*** RECORDS SHOWN Section Begins ***

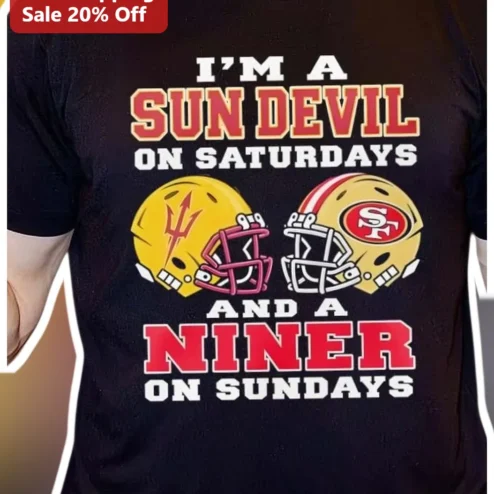 I'm A Sun Devil On Saturdays And A Niner On Sundays Tee ASU 49ers Dual Fan Gift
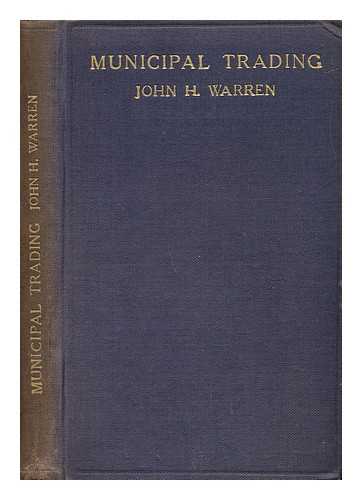 WARREN, JOHN H. - Municipal Trading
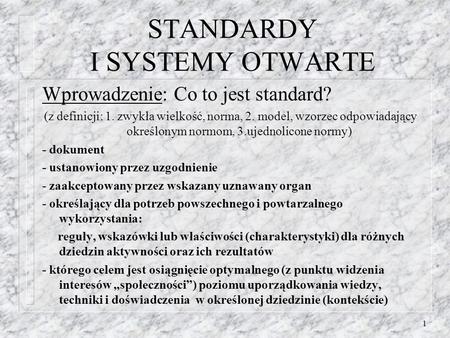 STANDARDY I SYSTEMY OTWARTE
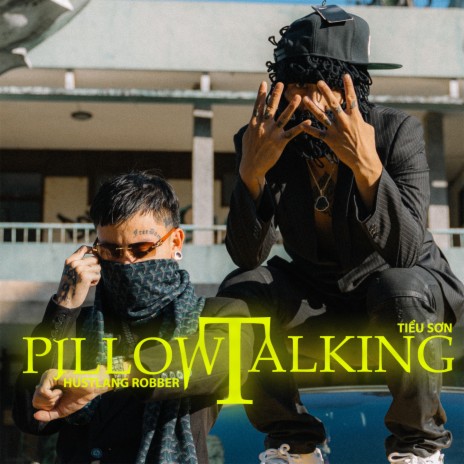 Pillow Talking ft. Tiểu Sơn | Boomplay Music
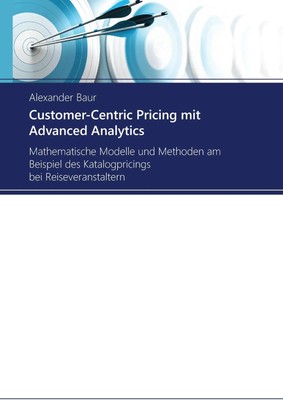 Alexander Baur | Customer-Centric Pricing mit Advanced Analytics | Buch (2014)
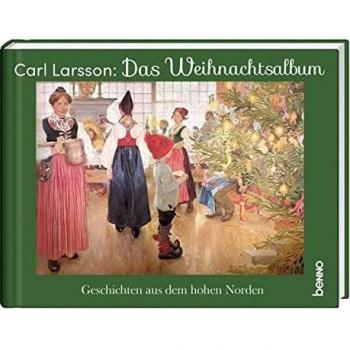 Das Carl-Larsson-Weihnachtsalbum: Geschichten aus dem hohen Norden
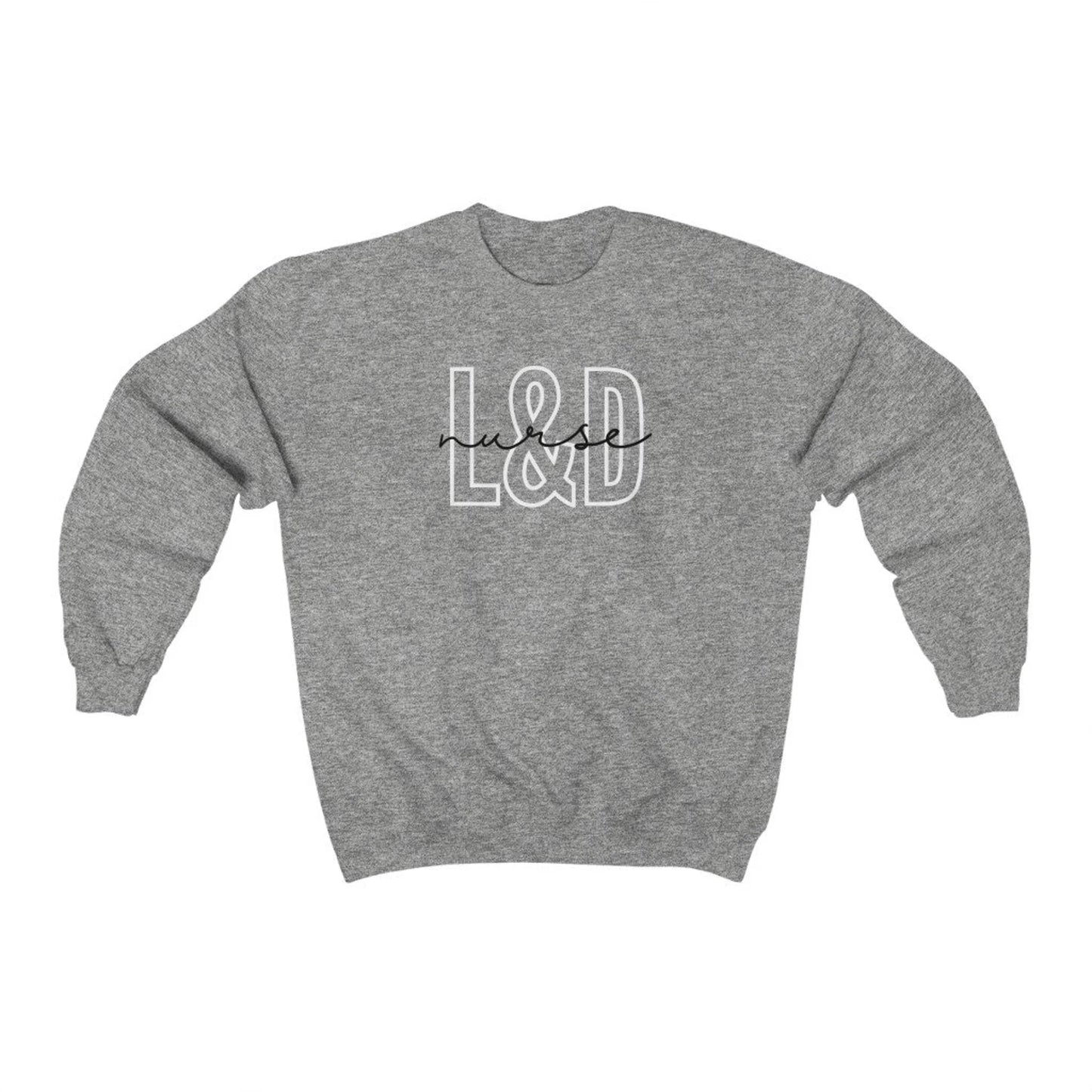 grey L&D nurse sweatshirt with block and cursive text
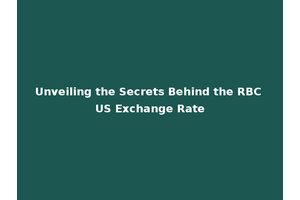 Unveiling the Secrets Behind the RBC US Exchange Rate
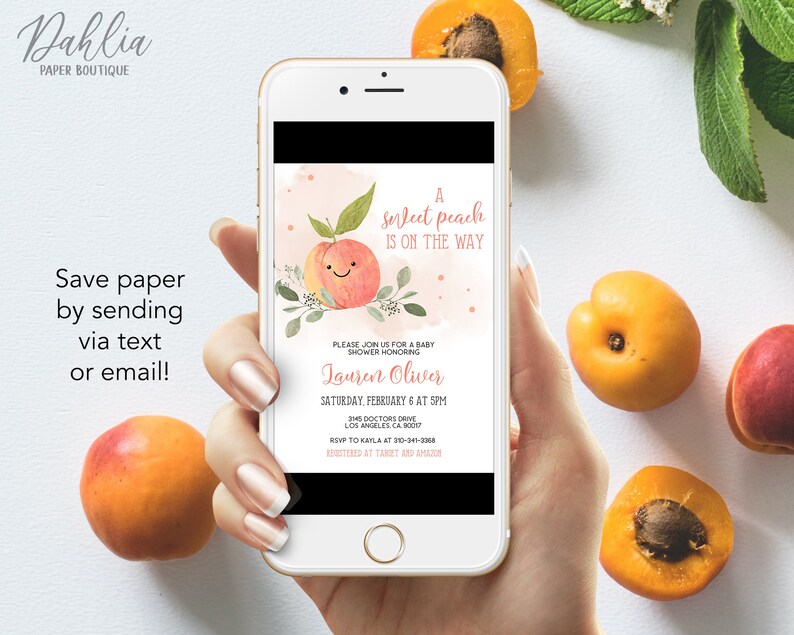 May include: A peach-themed baby shower invitation on a smartphone screen. The invitation features a peach with a smiling face and the text "A sweet peach is on the way". The invitation also includes the name "Lauren Oliver" and the date and time of the shower.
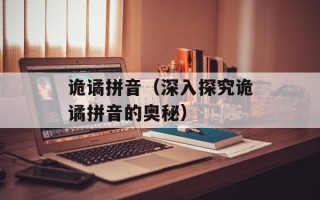 诡谲拼音（深入探究诡谲拼音的奥秘）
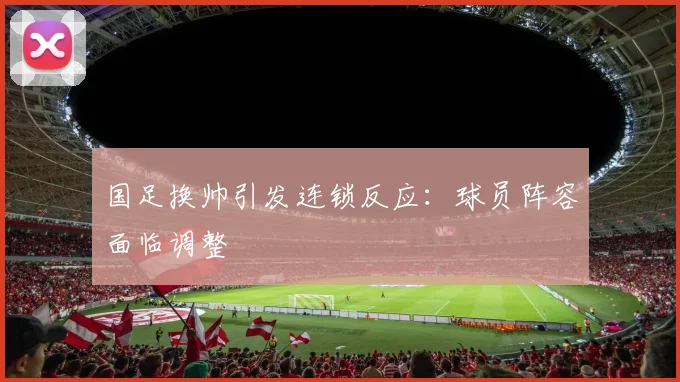 国足换帅引发连锁反应：球员阵容面临调整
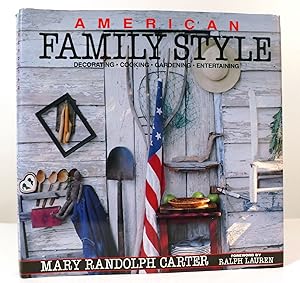 Imagen del vendedor de AMERICAN FAMILY STYLE Decorating, Cooking, Gardening, Entertaining a la venta por Rare Book Cellar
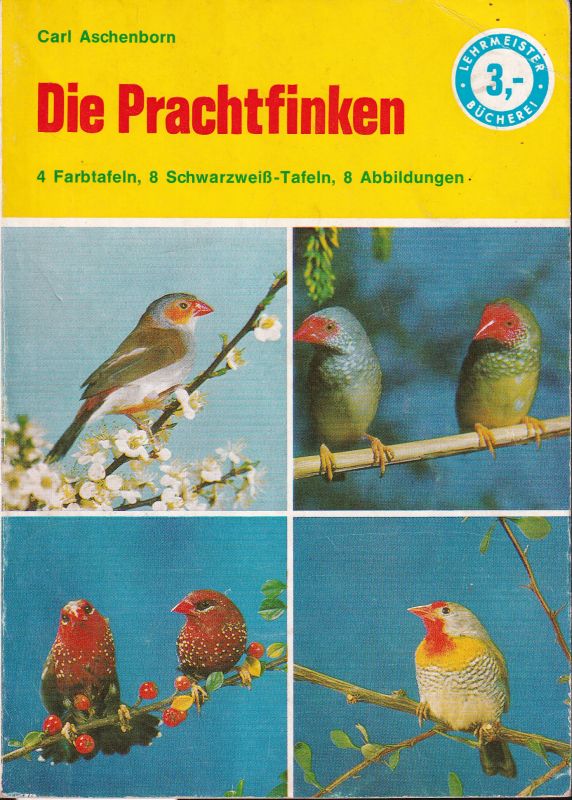 Aschenborn,Carl  Die Prachtfinken 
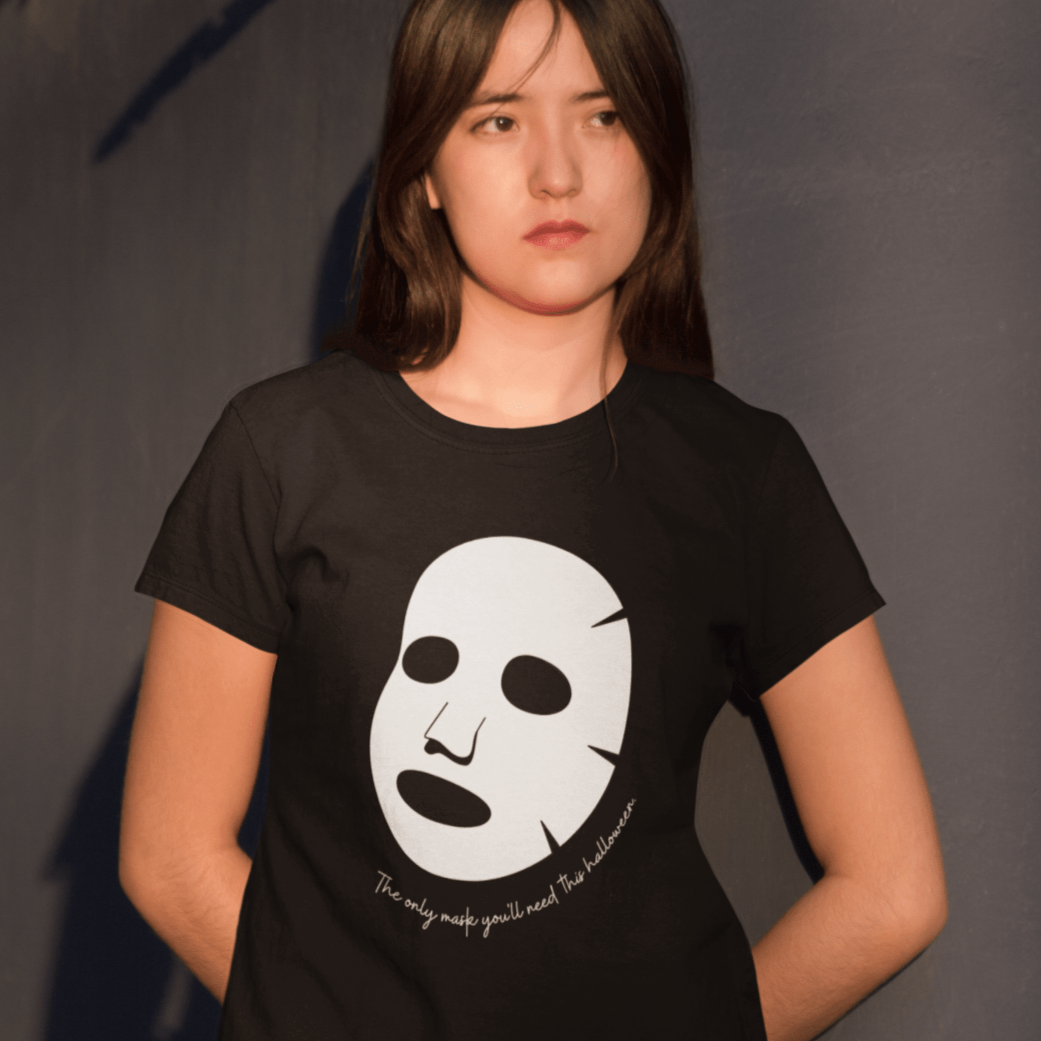 The Only Mask You'll Need This Halloween T-Shirt | ButFirstSkin
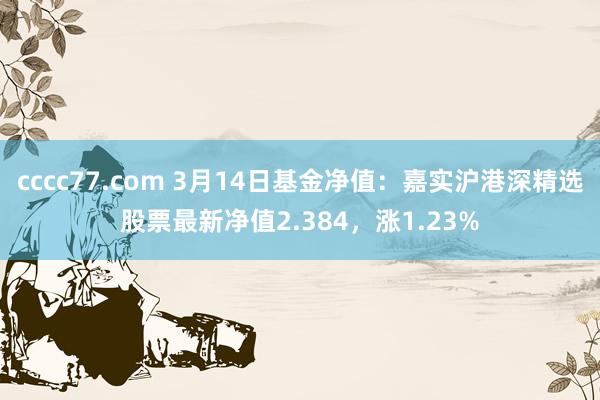 cccc77.com 3月14日基金净值：嘉实沪港深精选股票最新净值2.384，涨1.23%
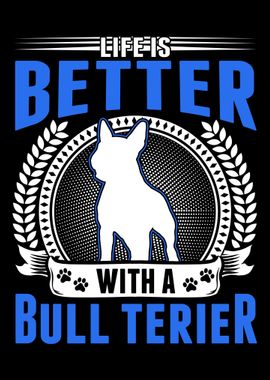 Life Is Better With A Bull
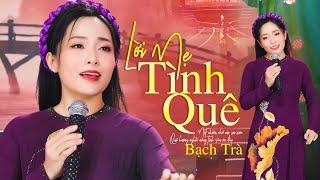 LỜI MẸ TÌNH QUÊ - Bạch Trà | Hành trang đã có trong lời mẹ ru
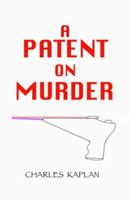A Patent on Murder 1591139953 Book Cover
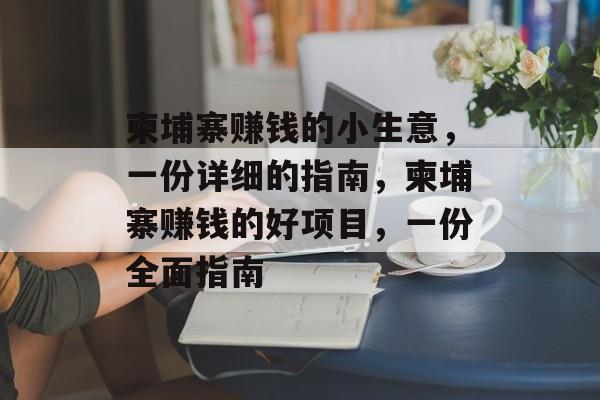 柬埔寨赚钱的小生意,一份详细的指南,柬埔寨赚钱的好项目,一份全面指南 柬埔寨赚钱的小生意,一份详细的指南,柬埔寨赚钱的好项目,一份全面指南
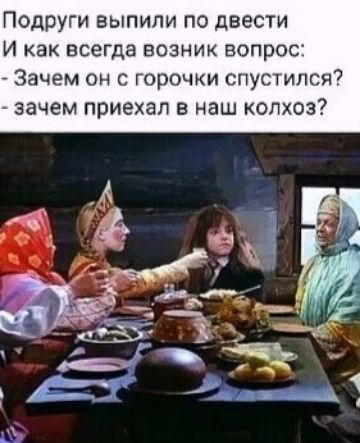 Подруги выпили по двести
И как всегда возник вопрос:
- Зачем он с горочки спустился?
- зачем приехал в наш колхоз?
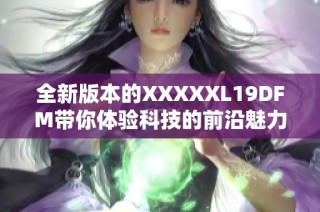 全新版本的XXXXXL19DFM带你体验科技的前沿魅力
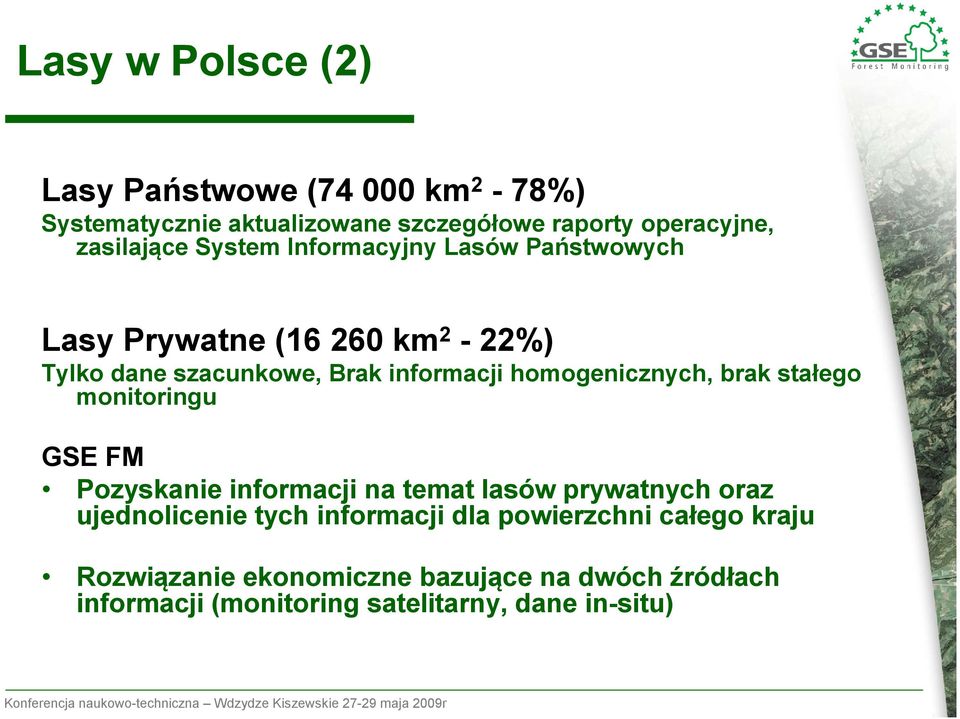 monitoringu GSE FM Pozyskanie informacji na temat lasów prywatnych oraz ujednolicenie tych informacji dla powierzchni całego kraju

*** RECORDS SHOWN Section Ends ***

▶ _TASK ITEM_
When you transcribe the entries, reproduce each line exactly and skip any picture.

▶ _RESULT_
 I'm A Sun Devil On Saturdays And A Niner On Sundays Tee ASU 49ers Dual Fan Gift
 WARREN, JOHN H. - Municipal Trading
 STANDARDY I SYSTEMY OTWARTE
 Pillow Talking ft. Tiểu Sơn | Boomplay Music
 Alexander Baur | Customer-Centric Pricing mit Advanced Analytics | Buch (2014)
 Das Carl-Larsson-Weihnachtsalbum: Geschichten aus dem hohen Norden
 grey L&D nurse sweatshirt with block and cursive text
 Unveiling the Secrets Behind the RBC US Exchange Rate
 May include: A peach-themed baby shower invitation on a smartphone screen. The invitation features a peach with a smiling face and the text "A sweet peach is on the way". The invitation also includes the name "Lauren Oliver" and the date and time of the shower.
 诡谲拼音（深入探究诡谲拼音的奥秘）
 国足换帅引发连锁反应：球员阵容面临调整
 Imagen del vendedor de AMERICAN FAMILY STYLE Decorating, Cooking, Gardening, Entertaining a la venta por Rare Book Cellar
 Aschenborn,Carl  Die Prachtfinken 
 The Only Mask You'll Need This Halloween T-Shirt | ButFirstSkin
 cccc77.com 3月14日基金净值：嘉实沪港深精选股票最新净值2.384，涨1.23%
 Life Is Better With A Bull
 LỜI MẸ TÌNH QUÊ - Bạch Trà | Hành trang đã có trong lời mẹ ru
A Patent on Murder 1591139953 Book Cover
 柬埔寨赚钱的小生意,一份详细的指南,柬埔寨赚钱的好项目,一份全面指南 柬埔寨赚钱的小生意,一份详细的指南,柬埔寨赚钱的好项目,一份全面指南
 Подруги выпили по двести
И как всегда возник вопрос:
- Зачем он с горочки спустился?
- зачем приехал в наш колхоз?
 全新版本的XXXXXL19DFM带你体验科技的前沿魅力
 monitoringu GSE FM Pozyskanie informacji na temat lasów prywatnych oraz ujednolicenie tych informacji dla powierzchni całego kraju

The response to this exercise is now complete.